Undue influence prevents the person from exercising a free and independent judgment before
entering into a contract as illustrated in Lim Geok Hian v Lim Guan Chin (1994) where a special
relationship is presumed. The doctrine of undue influence guards against the victimisation of
persons by those who exercise dominance or influence over them. When there are no special
relationship, voidable contract is where there was an improper use of a position of influence or
power to exercise influence, as illustrated in the case of recent Lehmans Brothers minibonds
saga. Marketing materials did not explicitly explain the risks associated with minibonds and
under undue influence to purchase the bonds.

Illegality
A contract may be avoided for illegality, both under the both and common law and statute, they
are unenforceable or void as they are specifically prohibited due an immoral or illegal act. In
Singapore, four common illegal contracts that are generally voided are Gaming and wagering,
for example illegal gambling debt, contracts that are contrary to public policy, for example
committing a bribe, crime, fraud or tort, contracts that are illegal in performance, for example
payment for illegal drugs, prostitution and contracts in restraint of trade, for example trading of
prohibited goods. Other contracts that are unenforceable on view of public policy are contracts in
restraint of marriage, contracts in restraint of trade, etc. As seen, the effects of illegality are
usually severe. Hence, a person who has been guilty of an illegal act will not, as a matter of
public policy, be able to claim against the other party for breach of contract.

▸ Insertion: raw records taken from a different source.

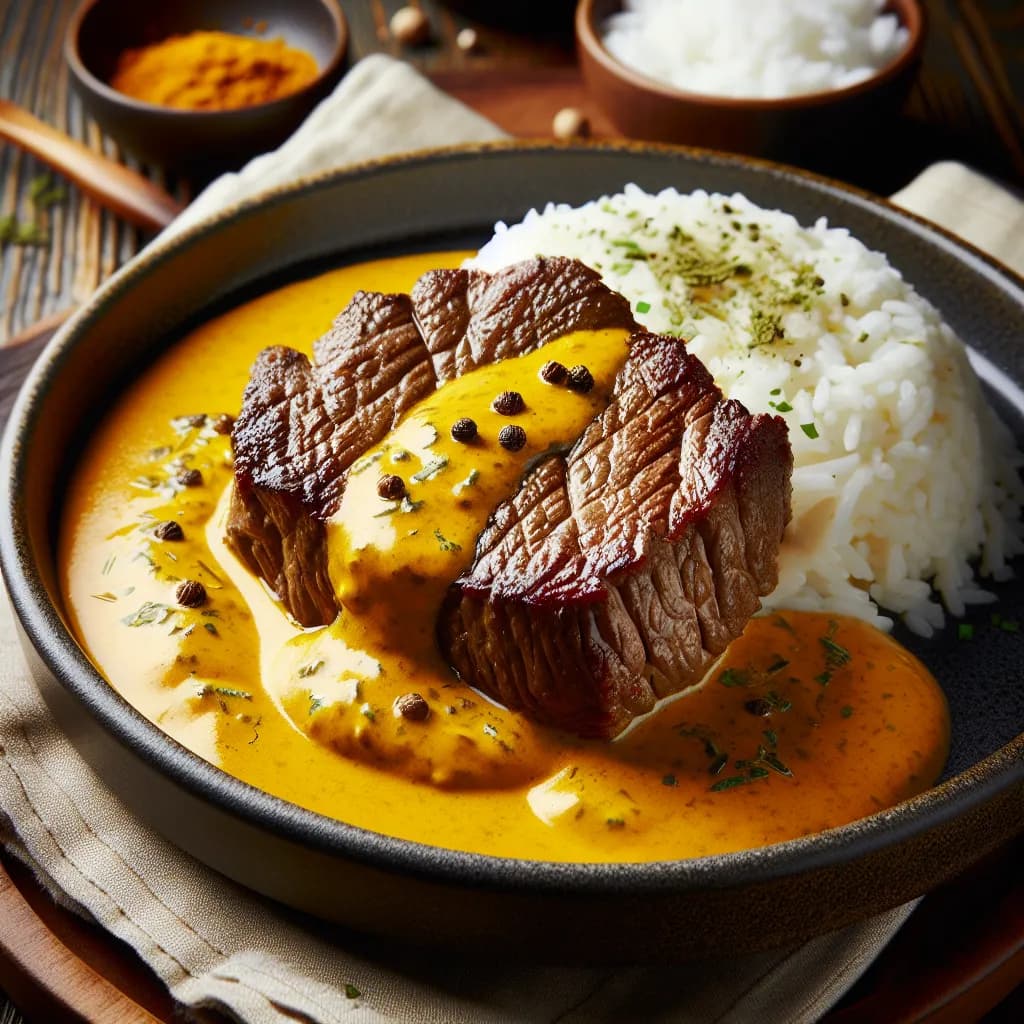 Rinderfilet mit Curry-Kokosmilch-Sauce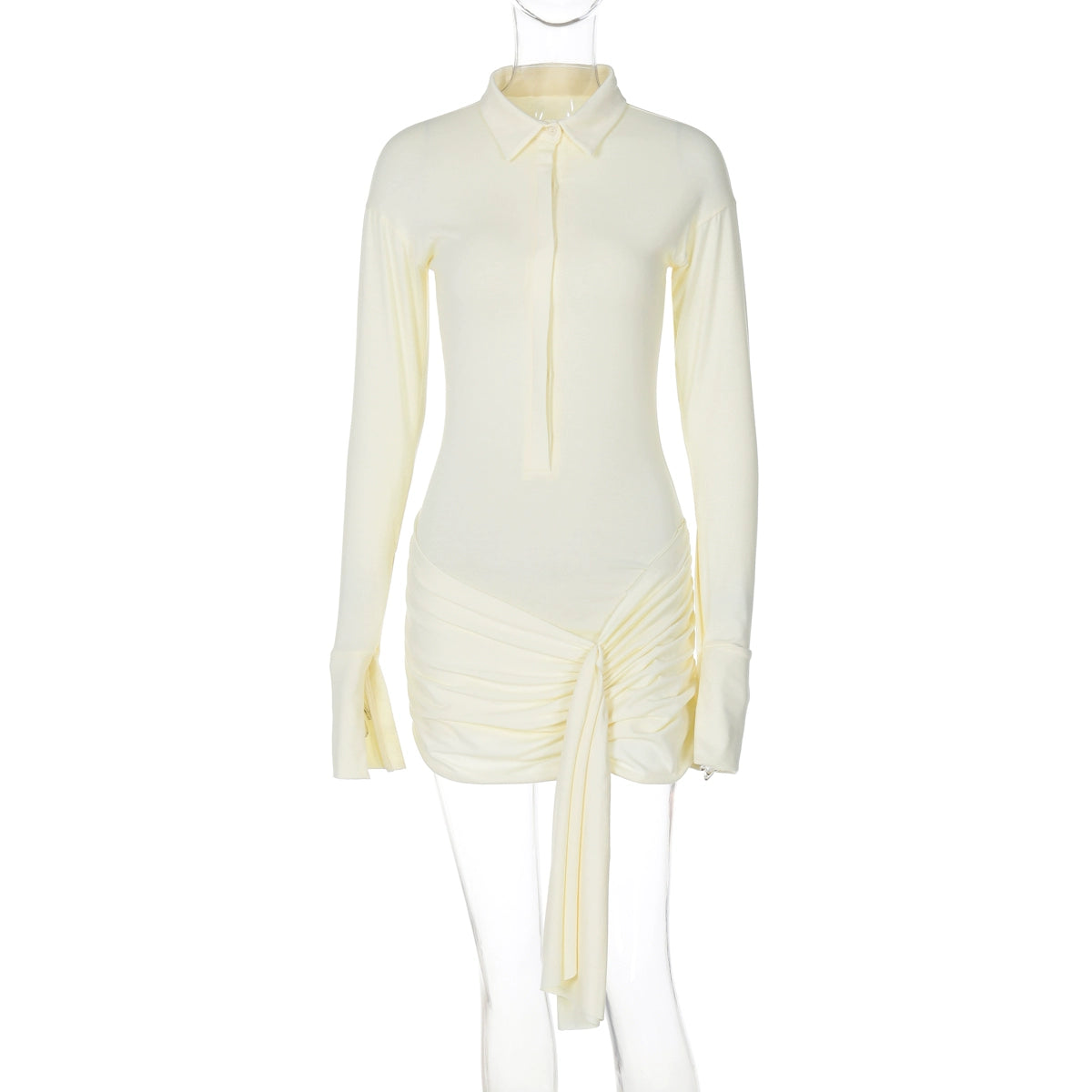 Shemoda: Lexi Shirt Dress | Nüra - Discover elegance with Shemoda's Lexi Shirt Dress. Featuring a slimming fit, classic collar, and asymmetrical ruched hem for a chic look. - $30.00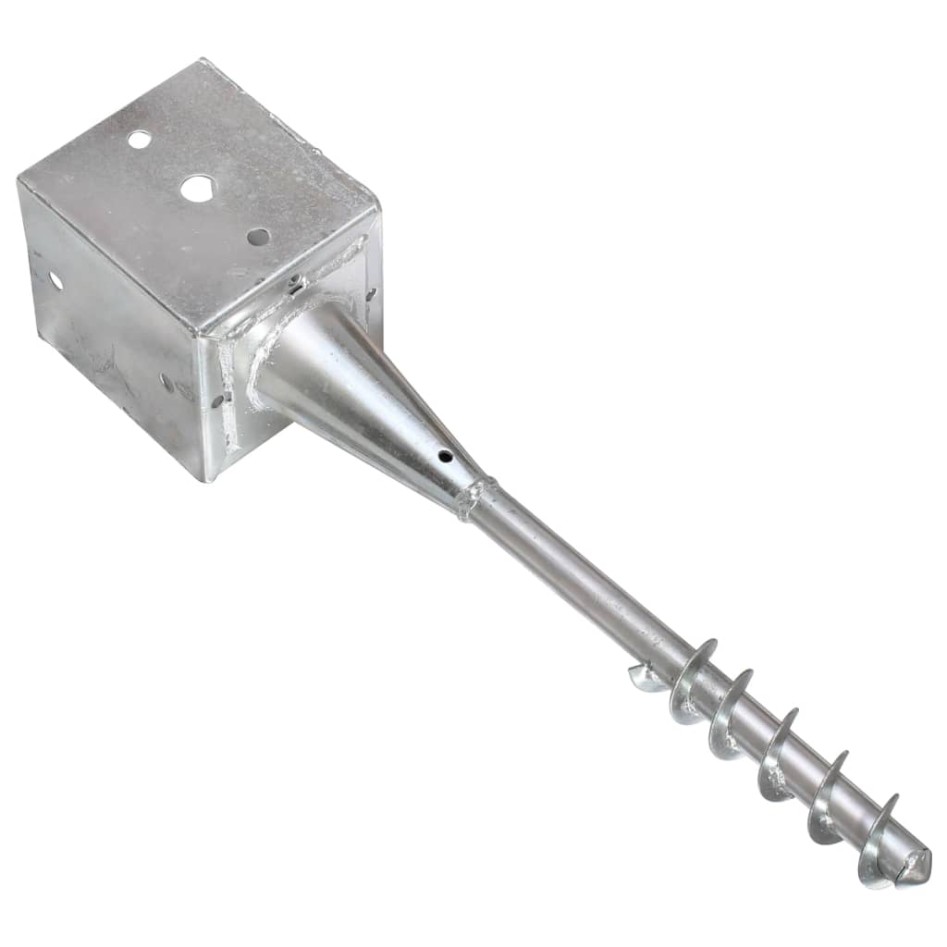 Picas de tierra 6 uds acero galvanizado plateado 12x12x56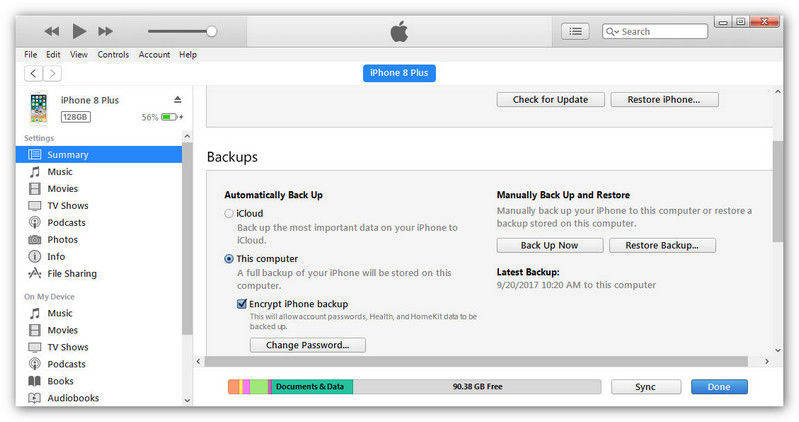backup iphone to itunes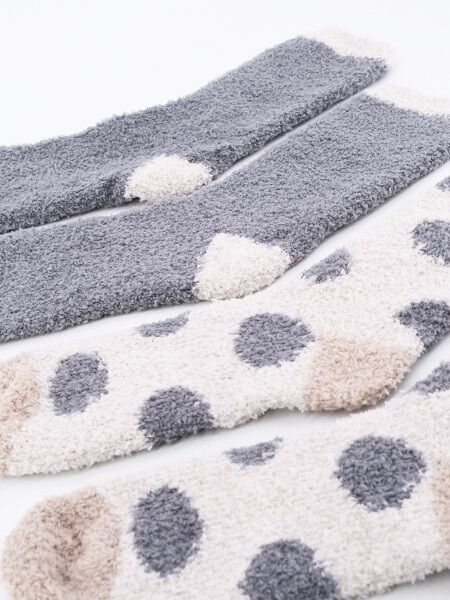 MEDIAS CHENILLE PACK X 2 ESTAMPADO 1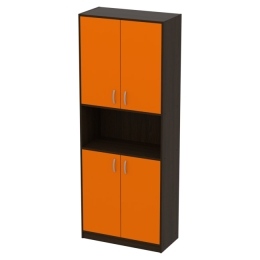 Офисный шкаф ШБ-4 цвет Венге+Оранж 77/37/200 см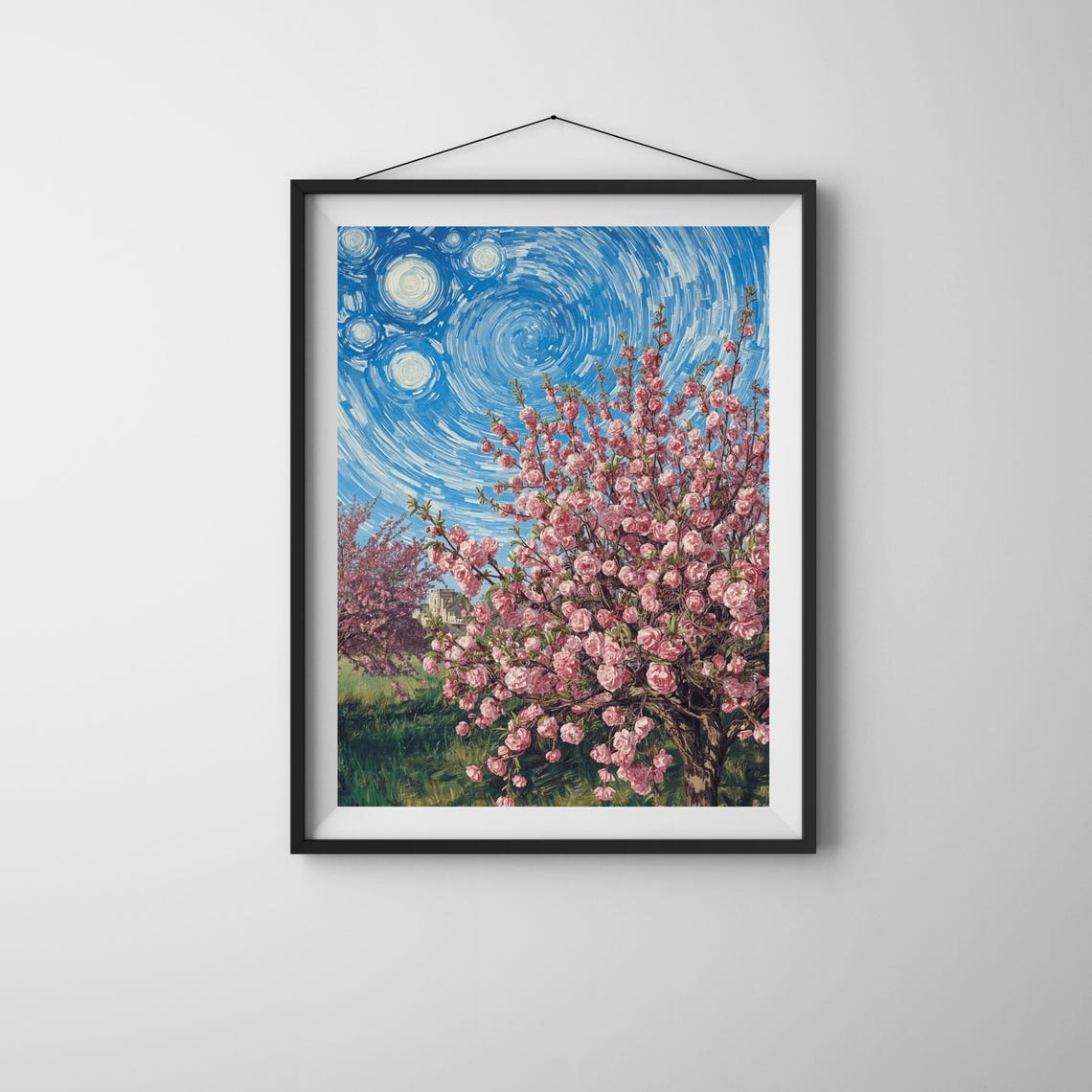 Pink Blossoms Under Starry Night Sky Swirling Brushstrokes Poster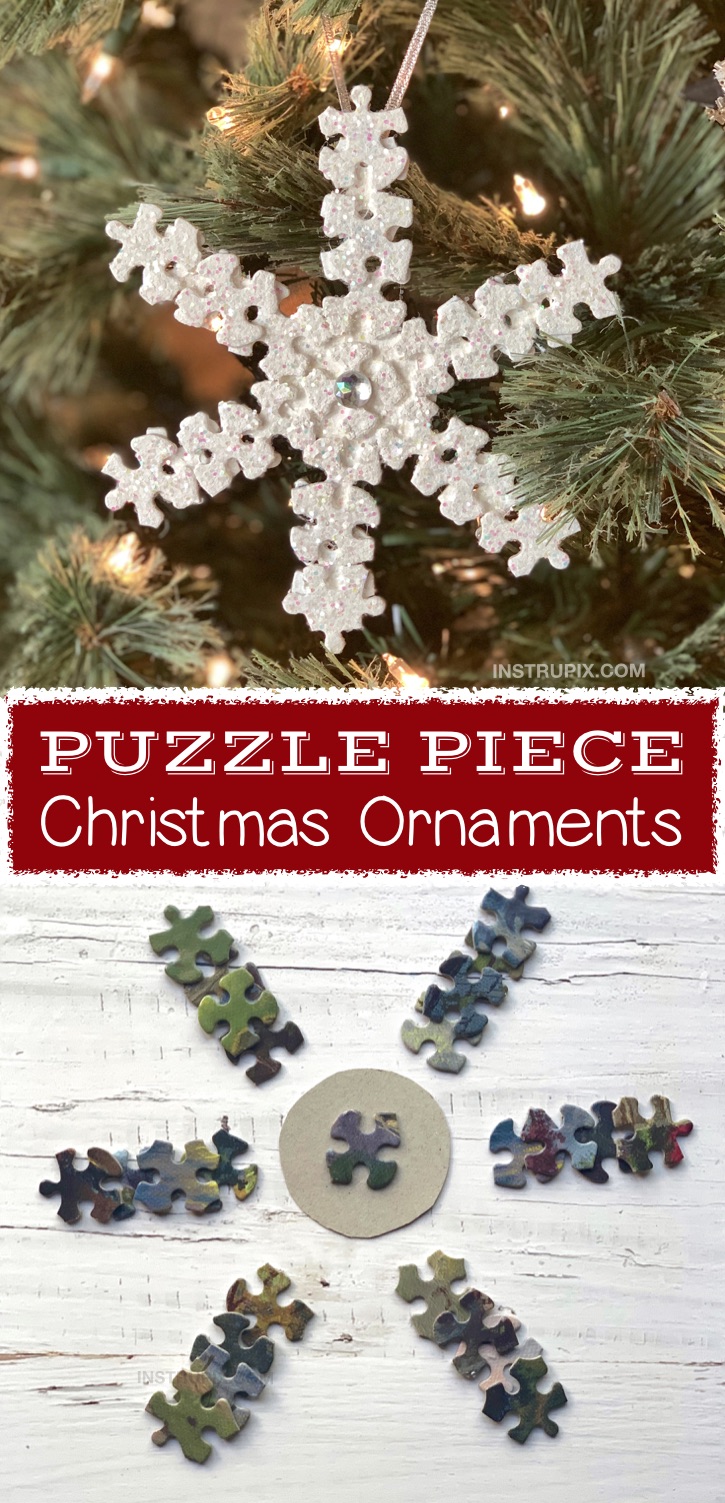 How To Make an Easy DIY Puzzle Piece Snowflake Ornament - plus other fun DIY puzzle piece craft ideas for kids, teenagers and adults. These simple projects are awesome for wall art, room decor, gifts and more. Fun and creative craft ideas to make! #instrupix #craftideas #christmas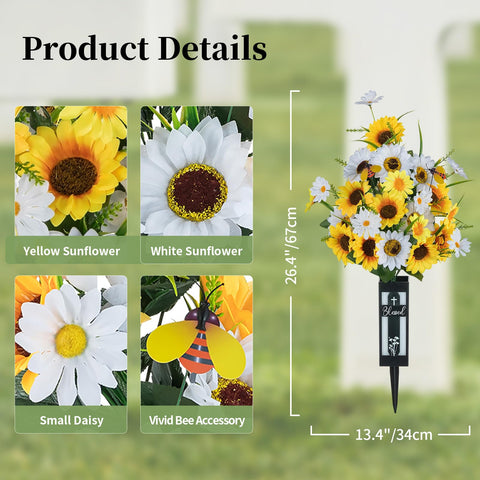 Memobloom bee accents enhance realism for serene cemetery displays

In conclusion, a contract possessing the core elements of offer, acceptance and consideration, is
not enough to enforce a contract. To guarantee the legal enforcement of a contract, there has to
be an intention to make the contract legally binding with the meeting of minds. That being
satisfied, there has to be an absence of vitiating factors to make a contract legally recognized.
Hence, a contract may not be guaranteed of its validity or legal enforceability even though if the
agreement meets the initial test of validity by satisfying the above requirements of offer,
acceptance and consideration, it may still be declared unenforceable if some other factors
discussed above is present. In reality, there are many contracts tainted by many other vitiating
factors that is well substantiate and considered invalid by the order of court.